Looking up terms in an academic article can be a tedious and time consuming process. With no on demand explanation of terms students will often have to look up and juggle multiple definitions of certain terms. Students end up spending a large amount of time searching for definitions, whic can be a tedious and tiring process for studying. Our application was designed to create a more streamlined process to help women and men everywhere be able to quickly analyze and read difficult passages.
What it does
We created a web application that allows users to input passages from class, and auto identifies and defines the terms that most needed to be explained using Natural Language Processing API and python wiki package. After processing with our built database, the user could view the text at ease: for terms needed explanation, they would hover their mouse over the word, and the definition would be displayed in the definition box. After reading the text, users could also create a set of notecards by one click.
How we built it
We built the backend through:
1. convert data
In order to train the machine learning the subject-specific vocabulary, we need to distinguish words between academical word and daily used word. Thus, we integrate several Biological textbook into a big txt file. And we also integrate several novels into another big txt file.
2. prepare data
By using nltk(Natural Language Toolkit), we break text into single words. Then by using corpus from nltk, we filtered the word list by kicking out of stopwords and non-English words. Thus, every word in the list is meaning ful.
3. train the data
We loop through different database and generate a word_frequency txt file by counting the number of times a word has appeared in the database. So a biology-terminalogy will only appear in biology database, and a none-biology-terminology will appear in both of the databases. Then, by removing word appeared in both of the database, and the remaining will be biology terminology.
4. output the data
We output the biology terminalogy, and analyze whether there is word in user's input that is part of the biology terminology word list. Then, the word that satisfies the requirment will be the word that needs to be defined.
Challenges we ran into
Making our first webapp was very challenging. Most of us were unfamiliar with the tools needed to create a webpage like Node.js and Natural Language Toolkits used to create our application. We ended up having to split our time between trying to new languages and API's and programming. We also spent a few hours trying to get google cloud API's to work as well, but the output was not useful for the purposes of our application so we discarded it.

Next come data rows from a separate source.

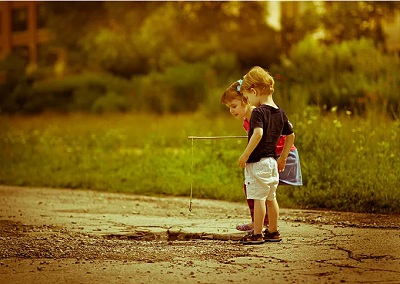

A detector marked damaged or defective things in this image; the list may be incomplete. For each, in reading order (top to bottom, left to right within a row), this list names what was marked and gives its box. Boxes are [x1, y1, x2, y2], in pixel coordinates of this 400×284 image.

cracked asphalt [0, 185, 398, 282]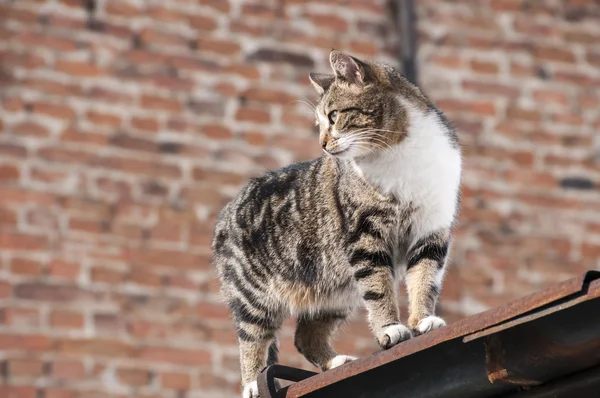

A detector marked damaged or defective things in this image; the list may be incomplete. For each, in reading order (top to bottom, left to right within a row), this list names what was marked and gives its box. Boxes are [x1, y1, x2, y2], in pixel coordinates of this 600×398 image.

rusty metal roof [256, 270, 600, 398]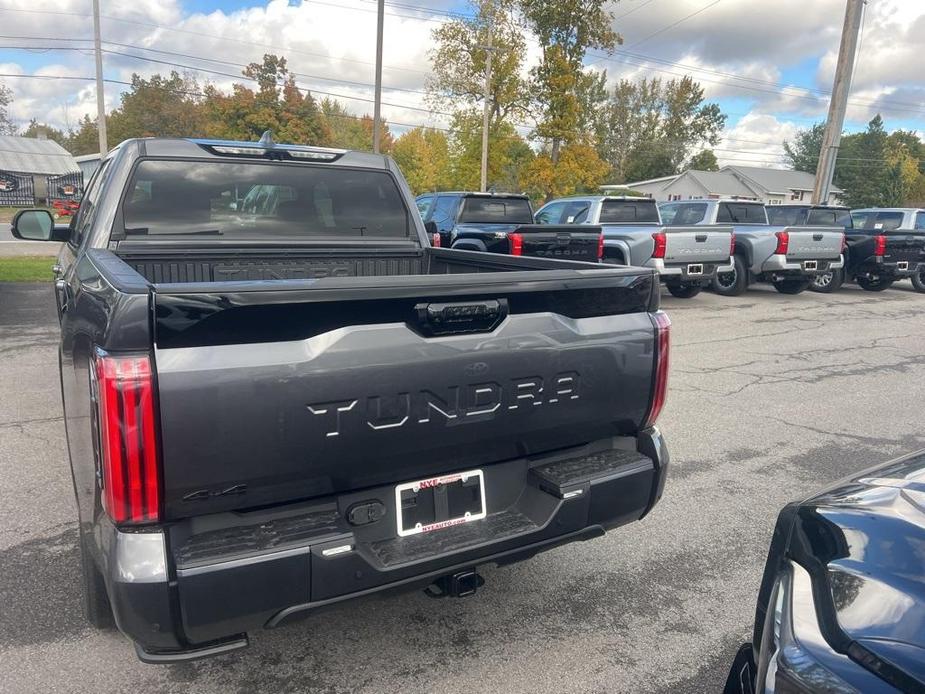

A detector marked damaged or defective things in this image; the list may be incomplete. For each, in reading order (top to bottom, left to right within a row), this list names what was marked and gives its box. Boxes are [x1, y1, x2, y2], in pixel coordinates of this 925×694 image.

cracked pavement [1, 280, 924, 692]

Accomplishments that we're proud of
We're proud of the skills that we learned while programming the application. The Hackathon turned out to be an intensive crashcourse in new programming languages and APIs.
What we learned
We learned, machine learning for Natural Language Processing, Node.js, and html.
What's next for DefNote
Our original idea was to have this application be able to convert handwritten notes and text files into flashcards. What we ended up doing an application that could be trained to highlight and define certain words that were deemed important and define them using oxford api. Ideally in the future the input we expanded to accept handwritten notes and powerpoints, that would then be converted into flashcards with online or custom definitions.